Records:
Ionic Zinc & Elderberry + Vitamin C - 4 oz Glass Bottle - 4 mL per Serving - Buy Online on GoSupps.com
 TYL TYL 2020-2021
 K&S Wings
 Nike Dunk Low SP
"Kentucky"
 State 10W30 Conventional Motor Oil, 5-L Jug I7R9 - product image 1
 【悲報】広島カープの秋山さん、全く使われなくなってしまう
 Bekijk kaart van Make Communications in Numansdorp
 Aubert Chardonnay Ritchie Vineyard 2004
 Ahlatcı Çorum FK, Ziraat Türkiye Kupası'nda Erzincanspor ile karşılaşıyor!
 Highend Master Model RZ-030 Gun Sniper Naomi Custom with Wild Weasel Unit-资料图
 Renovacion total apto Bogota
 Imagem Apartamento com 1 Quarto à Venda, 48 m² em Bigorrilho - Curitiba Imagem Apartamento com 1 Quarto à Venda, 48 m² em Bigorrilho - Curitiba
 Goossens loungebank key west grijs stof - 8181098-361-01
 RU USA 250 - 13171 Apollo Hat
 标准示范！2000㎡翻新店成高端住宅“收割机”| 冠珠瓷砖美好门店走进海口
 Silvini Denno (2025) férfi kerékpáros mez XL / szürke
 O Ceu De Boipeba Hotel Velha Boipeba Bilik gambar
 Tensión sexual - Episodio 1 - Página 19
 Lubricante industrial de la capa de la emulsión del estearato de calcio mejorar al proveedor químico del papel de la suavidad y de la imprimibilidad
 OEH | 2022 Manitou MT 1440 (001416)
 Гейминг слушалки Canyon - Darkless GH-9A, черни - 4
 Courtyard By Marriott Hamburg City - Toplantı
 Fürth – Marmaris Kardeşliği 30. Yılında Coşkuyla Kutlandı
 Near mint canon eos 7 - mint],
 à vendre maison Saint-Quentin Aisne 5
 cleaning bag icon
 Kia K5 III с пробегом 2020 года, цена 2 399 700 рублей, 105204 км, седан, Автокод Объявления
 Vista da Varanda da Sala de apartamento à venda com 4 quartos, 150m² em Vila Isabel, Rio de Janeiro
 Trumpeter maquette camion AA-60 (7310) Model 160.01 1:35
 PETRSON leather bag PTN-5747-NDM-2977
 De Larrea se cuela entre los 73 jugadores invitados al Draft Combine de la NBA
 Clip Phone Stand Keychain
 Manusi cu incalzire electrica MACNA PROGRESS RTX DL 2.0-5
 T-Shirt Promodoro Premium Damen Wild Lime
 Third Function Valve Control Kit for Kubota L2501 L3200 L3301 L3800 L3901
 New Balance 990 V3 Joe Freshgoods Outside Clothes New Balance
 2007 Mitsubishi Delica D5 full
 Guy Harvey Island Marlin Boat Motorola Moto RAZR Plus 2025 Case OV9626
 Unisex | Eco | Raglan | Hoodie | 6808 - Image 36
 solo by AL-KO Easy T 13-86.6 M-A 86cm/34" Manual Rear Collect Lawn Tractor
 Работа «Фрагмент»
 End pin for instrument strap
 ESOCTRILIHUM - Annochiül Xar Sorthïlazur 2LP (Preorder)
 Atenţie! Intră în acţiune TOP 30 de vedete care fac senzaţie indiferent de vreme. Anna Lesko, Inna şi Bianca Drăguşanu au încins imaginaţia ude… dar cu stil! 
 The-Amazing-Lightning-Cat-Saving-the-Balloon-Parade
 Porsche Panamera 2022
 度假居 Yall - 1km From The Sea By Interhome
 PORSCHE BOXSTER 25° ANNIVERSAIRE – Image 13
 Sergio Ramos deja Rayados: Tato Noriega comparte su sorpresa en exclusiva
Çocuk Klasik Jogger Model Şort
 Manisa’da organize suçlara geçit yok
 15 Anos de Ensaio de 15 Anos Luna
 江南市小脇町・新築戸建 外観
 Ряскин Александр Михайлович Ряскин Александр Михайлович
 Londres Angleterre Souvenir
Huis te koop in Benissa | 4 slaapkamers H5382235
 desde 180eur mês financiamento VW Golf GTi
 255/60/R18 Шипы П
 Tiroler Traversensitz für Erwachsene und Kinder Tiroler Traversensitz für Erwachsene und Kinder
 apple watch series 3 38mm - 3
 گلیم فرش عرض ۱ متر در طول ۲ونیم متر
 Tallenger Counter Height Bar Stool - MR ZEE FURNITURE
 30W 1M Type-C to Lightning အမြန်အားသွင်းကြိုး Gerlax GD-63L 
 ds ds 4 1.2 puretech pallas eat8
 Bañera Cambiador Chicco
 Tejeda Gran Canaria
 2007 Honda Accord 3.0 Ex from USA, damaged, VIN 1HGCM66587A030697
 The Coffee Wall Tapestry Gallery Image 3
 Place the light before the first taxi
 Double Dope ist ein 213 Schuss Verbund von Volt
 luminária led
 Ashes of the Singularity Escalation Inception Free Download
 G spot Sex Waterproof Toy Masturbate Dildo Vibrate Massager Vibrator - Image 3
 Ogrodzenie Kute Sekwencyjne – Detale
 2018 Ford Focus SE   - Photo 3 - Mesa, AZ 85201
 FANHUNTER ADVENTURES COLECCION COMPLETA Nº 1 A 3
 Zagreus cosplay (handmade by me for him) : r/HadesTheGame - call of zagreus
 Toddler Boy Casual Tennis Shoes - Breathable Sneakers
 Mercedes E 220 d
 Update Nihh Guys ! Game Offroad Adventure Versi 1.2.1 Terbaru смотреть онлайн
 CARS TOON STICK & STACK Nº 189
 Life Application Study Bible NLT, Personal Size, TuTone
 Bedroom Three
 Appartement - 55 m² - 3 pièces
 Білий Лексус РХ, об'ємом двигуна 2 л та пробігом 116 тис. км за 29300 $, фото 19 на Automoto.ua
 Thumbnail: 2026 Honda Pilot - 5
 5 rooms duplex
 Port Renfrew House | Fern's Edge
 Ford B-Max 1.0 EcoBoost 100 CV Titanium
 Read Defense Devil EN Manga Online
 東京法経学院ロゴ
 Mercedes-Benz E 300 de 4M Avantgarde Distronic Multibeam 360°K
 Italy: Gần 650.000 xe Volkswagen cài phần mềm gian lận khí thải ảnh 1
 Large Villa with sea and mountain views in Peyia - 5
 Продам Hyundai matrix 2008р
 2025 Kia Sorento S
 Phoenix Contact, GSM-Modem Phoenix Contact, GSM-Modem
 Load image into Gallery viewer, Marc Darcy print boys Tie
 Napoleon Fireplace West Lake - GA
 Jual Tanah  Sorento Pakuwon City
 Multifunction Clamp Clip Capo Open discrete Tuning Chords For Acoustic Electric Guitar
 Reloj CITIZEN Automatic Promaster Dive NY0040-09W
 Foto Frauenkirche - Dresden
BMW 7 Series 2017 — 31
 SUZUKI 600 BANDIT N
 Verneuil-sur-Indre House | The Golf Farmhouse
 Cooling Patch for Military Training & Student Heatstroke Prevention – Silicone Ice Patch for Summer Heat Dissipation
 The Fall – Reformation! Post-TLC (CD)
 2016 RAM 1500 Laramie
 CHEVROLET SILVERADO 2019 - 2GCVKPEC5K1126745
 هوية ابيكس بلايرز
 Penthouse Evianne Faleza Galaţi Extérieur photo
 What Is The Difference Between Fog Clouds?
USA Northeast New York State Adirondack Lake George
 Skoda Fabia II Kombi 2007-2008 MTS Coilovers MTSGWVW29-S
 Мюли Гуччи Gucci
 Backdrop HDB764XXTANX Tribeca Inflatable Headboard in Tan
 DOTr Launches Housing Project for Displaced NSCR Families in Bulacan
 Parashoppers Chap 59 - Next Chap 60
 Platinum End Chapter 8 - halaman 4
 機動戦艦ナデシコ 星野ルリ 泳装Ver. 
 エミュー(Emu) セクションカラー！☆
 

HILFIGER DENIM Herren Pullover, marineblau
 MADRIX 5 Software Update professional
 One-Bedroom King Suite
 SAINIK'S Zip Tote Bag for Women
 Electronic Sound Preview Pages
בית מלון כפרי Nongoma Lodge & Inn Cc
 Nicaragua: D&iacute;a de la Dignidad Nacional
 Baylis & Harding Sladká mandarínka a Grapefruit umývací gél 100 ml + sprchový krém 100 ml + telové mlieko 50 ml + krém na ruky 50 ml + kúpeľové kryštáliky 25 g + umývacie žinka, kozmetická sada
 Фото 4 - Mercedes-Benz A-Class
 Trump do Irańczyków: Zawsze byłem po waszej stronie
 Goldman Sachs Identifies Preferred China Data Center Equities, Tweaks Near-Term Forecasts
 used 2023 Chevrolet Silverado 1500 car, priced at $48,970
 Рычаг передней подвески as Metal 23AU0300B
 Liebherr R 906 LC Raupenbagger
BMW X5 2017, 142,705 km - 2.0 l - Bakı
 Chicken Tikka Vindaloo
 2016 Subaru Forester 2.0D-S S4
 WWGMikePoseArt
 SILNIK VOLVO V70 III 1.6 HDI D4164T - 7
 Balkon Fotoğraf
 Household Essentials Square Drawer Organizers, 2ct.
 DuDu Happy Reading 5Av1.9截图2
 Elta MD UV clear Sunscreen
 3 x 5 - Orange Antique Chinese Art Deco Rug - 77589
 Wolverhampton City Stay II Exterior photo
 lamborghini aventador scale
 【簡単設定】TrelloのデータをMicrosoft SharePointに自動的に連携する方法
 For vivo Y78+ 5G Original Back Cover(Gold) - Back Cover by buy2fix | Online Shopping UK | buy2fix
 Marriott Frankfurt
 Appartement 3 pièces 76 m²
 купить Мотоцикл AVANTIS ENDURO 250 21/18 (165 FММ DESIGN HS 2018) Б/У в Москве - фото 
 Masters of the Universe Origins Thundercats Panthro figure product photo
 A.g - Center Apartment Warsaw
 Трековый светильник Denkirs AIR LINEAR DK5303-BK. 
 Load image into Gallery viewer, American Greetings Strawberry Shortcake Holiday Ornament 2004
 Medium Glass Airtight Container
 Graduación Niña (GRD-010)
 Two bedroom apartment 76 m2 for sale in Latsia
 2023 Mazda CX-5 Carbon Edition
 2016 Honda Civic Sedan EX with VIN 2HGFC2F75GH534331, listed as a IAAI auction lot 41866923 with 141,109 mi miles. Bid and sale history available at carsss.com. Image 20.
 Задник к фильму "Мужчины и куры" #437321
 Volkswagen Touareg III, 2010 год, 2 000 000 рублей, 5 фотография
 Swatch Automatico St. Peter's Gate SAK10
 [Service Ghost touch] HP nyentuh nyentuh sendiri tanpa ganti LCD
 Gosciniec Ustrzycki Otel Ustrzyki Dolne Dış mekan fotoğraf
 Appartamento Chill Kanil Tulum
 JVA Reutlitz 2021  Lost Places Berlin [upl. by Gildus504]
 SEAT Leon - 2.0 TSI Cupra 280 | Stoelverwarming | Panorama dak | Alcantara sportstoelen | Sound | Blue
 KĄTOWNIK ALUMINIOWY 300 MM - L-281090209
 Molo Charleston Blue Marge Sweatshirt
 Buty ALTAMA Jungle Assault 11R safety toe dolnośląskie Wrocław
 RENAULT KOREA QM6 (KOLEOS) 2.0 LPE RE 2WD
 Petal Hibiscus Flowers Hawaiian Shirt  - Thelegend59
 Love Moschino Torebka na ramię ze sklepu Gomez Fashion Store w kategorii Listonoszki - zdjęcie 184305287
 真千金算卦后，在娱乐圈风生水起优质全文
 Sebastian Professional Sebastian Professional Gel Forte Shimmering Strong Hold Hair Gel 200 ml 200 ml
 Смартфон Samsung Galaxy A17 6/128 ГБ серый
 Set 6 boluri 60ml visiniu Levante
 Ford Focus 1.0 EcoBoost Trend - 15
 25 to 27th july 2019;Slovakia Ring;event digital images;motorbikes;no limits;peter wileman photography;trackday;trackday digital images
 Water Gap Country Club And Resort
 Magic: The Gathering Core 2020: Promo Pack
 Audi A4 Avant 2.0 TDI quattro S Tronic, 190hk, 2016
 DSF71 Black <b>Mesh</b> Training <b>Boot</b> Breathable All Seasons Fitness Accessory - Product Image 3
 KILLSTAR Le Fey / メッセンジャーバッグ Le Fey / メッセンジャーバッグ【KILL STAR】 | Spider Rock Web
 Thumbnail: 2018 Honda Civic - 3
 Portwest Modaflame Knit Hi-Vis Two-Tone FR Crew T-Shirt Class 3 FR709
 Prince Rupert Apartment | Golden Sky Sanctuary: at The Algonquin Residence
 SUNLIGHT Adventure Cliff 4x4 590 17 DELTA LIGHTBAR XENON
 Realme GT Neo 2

Task statement: Where the string "Appartement" turns up in a line of the data above, copy that whole line.

Solved problem:
 Appartement - 55 m² - 3 pièces
 Appartement 3 pièces 76 m²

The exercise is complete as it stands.